Types Of Bitcoin Wallets
Now that you know this, let’s talk about the main types of bitcoin wallets:
- Hardware wallet
- Mobile wallet
- Desktop wallet
- Web wallet
All of these wallets serve as a place to store your bitcoins. Of course, you don’t have to use all of them at once. Most people typically opt for two wallets as that’s often enough. There are various product types for each of these wallets, most of which are made by different vendors.
Which means some of them may be lacking in certain features. To make sure that they meet the minimum standard, ensure that they have the following features:
- No need for KYC processes –the whole purpose of using cryptos is to ensure anonymity. No one needs to know who you are or what you do
- User friendly user interface
- Cross platform compatibility –should be compatible with the popular operating systems
- Private keys
- Security features
- Backup options
- Developer community to ensure continuity and support
- Clear distinction between cold and hot wallet
Also, make sure that your bitcoins are stored in wallets based on your goals. For instance, moving your bitcoins to a cold wallet when you intend to trade with it isn’t smart.
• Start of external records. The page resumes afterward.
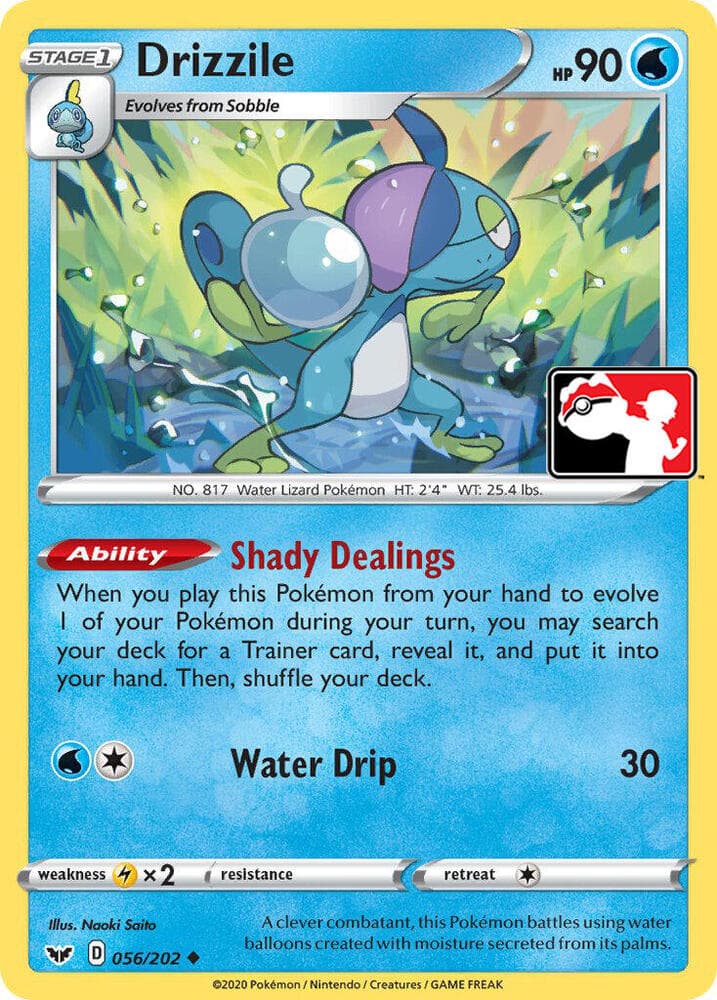 Drizzile — Prize Pack Series Cards 56 Pokémon card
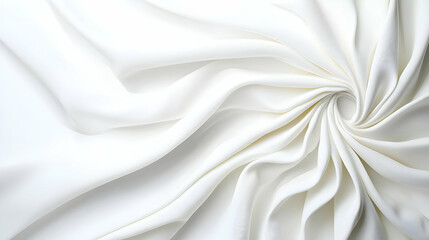 Fototapeta premium Abstract White Fabric Swirl With Elegant Silk Texture And Soft Light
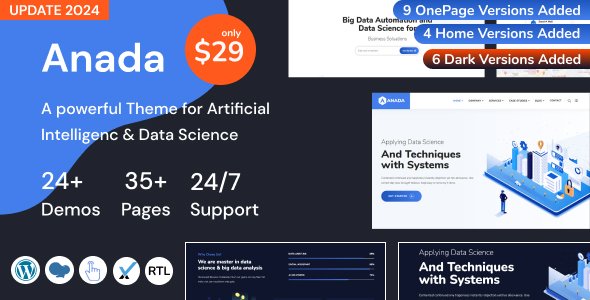 Anada - AI Agency & Data Science WordPress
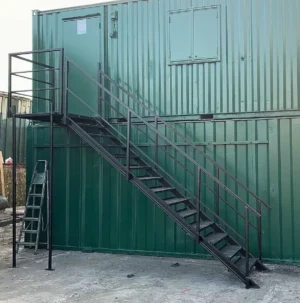 Container Site Office Steel Stair Kit - Refurbished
That needs to stay on an easily accessible hot wallet.
Bitcoins you want to use as a store of value stays in cold wallet aka hardware wallet, where it’s safe, encrypted and inaccessible by criminals. Again, remember the comparison with your fiat currency. Walk around money stays in the wallet, other money goes in the bank account etc.
To help make this easier, here’s a quick summary of the functions of each wallet type.
Bitcoin Hardware Wallet
A bitcoin hardware wallet is a cold storage wallet that’s usually in the form of a USB drive or an external storage device. This is usually disconnected from the internet, and primarily used for storing bitcoins that you want to hold for a long time.
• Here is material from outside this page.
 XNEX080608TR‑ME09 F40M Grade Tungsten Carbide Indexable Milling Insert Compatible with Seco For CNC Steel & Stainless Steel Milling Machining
So, if you want to keep your bitcoins for a year at least, this is where you need to store your bitcoin. It’s the safest and most secure storage method, and protects your bitcoins from being accessed by hackers or malware.
You can only lose your bitcoins in the event of a hardware theft, loss or personal kidnapping where you’re forced to give the miscreants your private keys and passwords. The most popular hardware wallets in the market are Trezor and Ledger Nano S.
Bitcoin Mobile Wallet
Mobile wallets typically contain smaller amounts of your bitcoins, and are used for daily or frequent transactions. As a rule, do not store large amounts of your cryptos on your mobile wallets.
With these wallets, it’s pretty easy to do some business on the go. While they are relatively safe, they can be prone to losses considering that they are often on your mobile devices. So, if they get stolen or you lose them, chances are you wouldn’t be able to retrieve those bitcoins back.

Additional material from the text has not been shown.